| SOURCE MATERIAL |
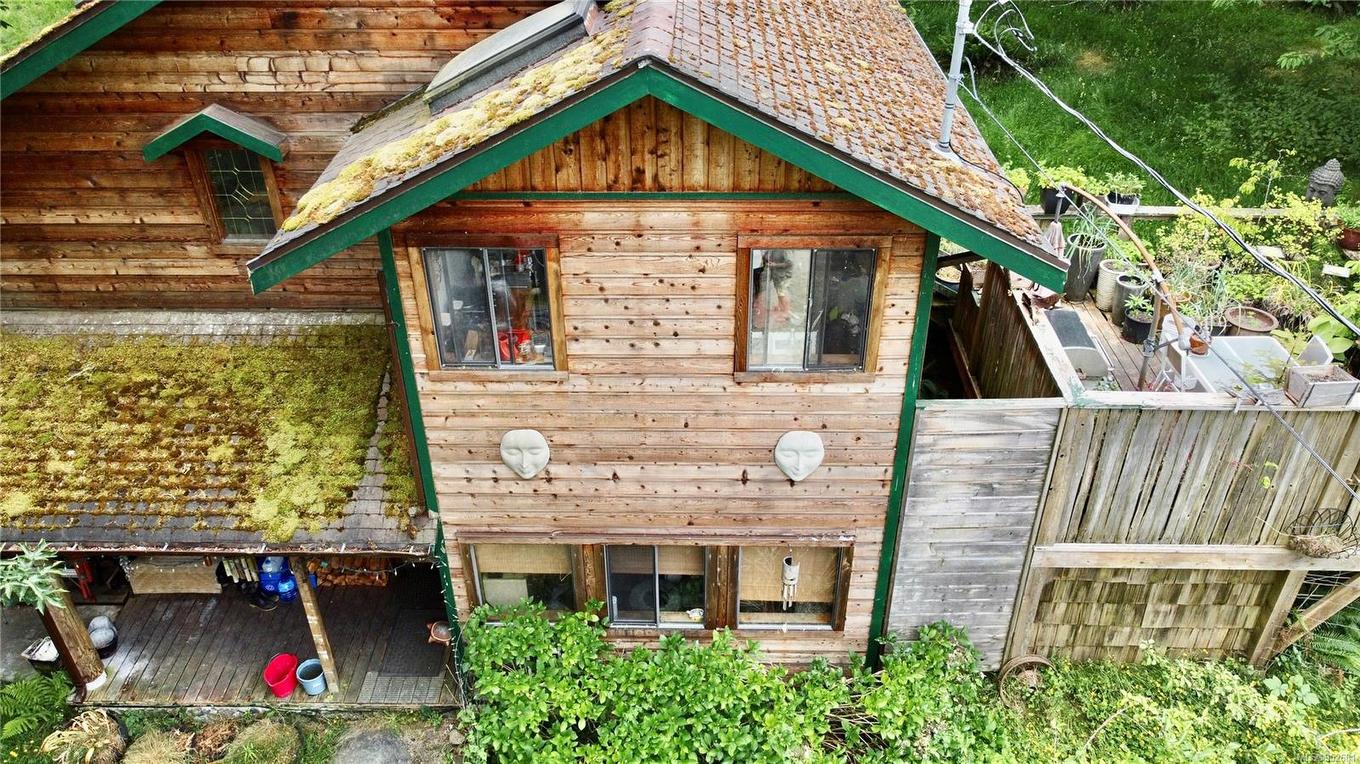 1498 Carrington Bay Rd, Cortes Island, BC - Outdoor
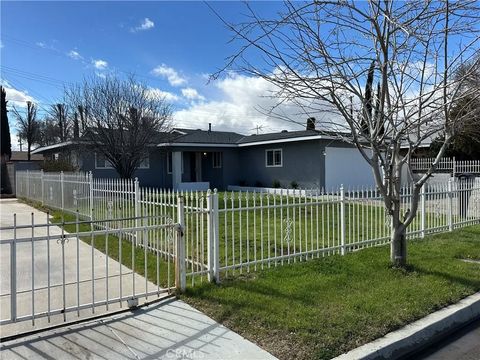 Photo of 1380 Indian Sage Rd, Lancaster, CA 93534 (MLS # SR26036763)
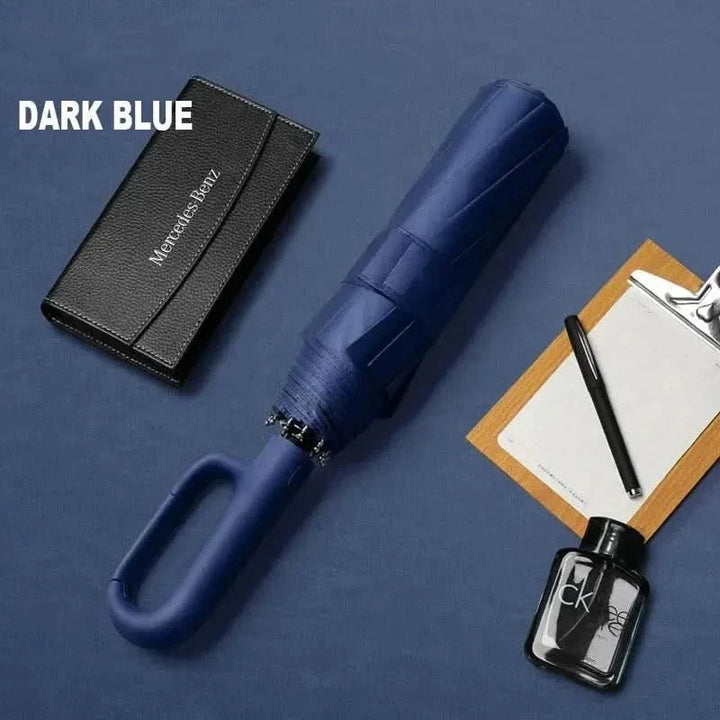 Der kompakte Automatikschirm verstaut in einer Tasche. Windfest und UV-schützend, ideal als Allwetter-Schirm.
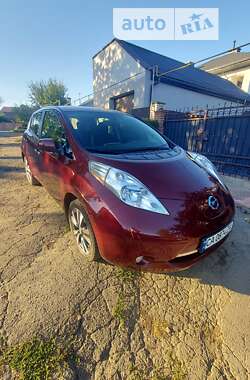 Хетчбек Nissan Leaf 2015 в Умані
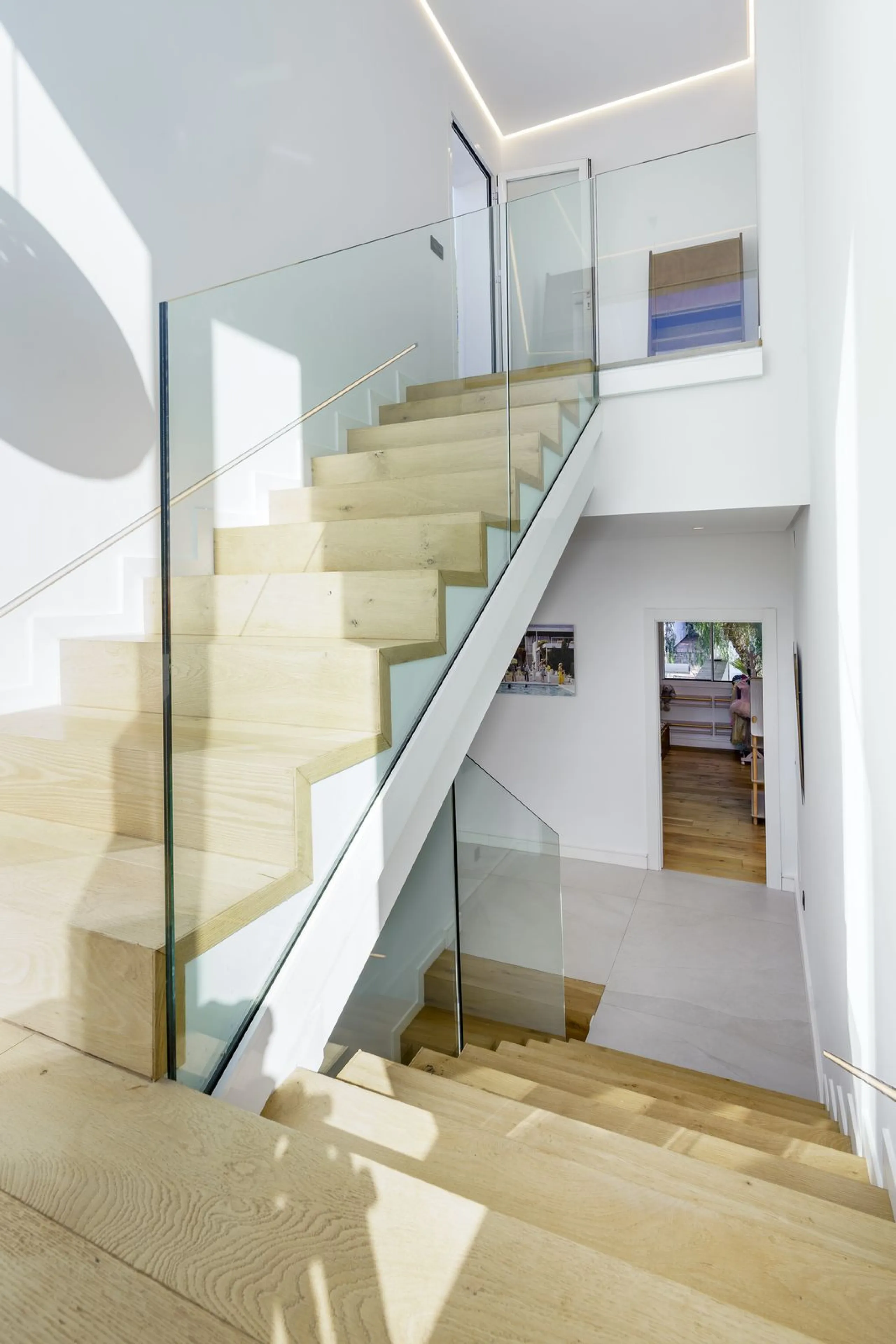 Modern Luxury in Lower Nueva Andalucía – An ideal family home!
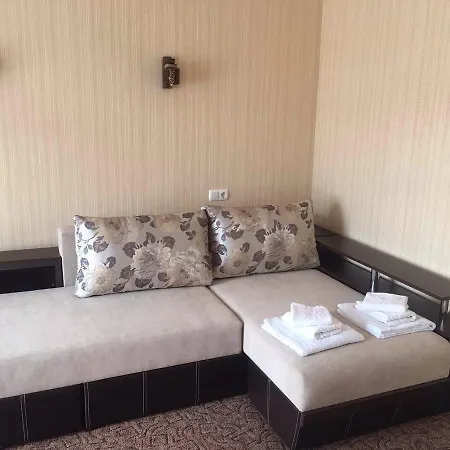 полярис Polyaris Γιαρέμτσε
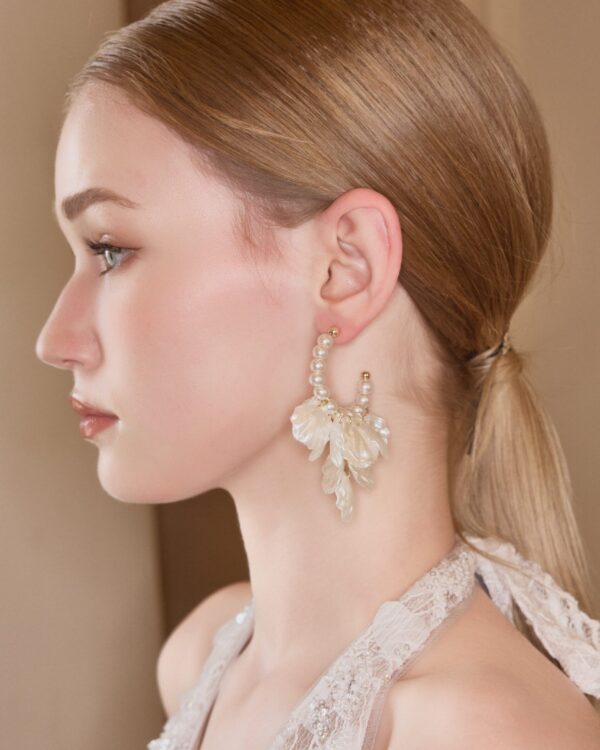 Pearl Shell Petal Drop Earrings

| WORK INSTRUCTION |
Where a record above holds a picture, drop the picture and print the rest exactly.

| SOLUTION TO THIS EXERCISE |
 1498 Carrington Bay Rd, Cortes Island, BC - Outdoor
 Photo of 1380 Indian Sage Rd, Lancaster, CA 93534 (MLS # SR26036763)
 Der kompakte Automatikschirm verstaut in einer Tasche. Windfest und UV-schützend, ideal als Allwetter-Schirm.
 Хетчбек Nissan Leaf 2015 в Умані
 Modern Luxury in Lower Nueva Andalucía – An ideal family home!
 полярис Polyaris Γιαρέμτσε
 Pearl Shell Petal Drop Earrings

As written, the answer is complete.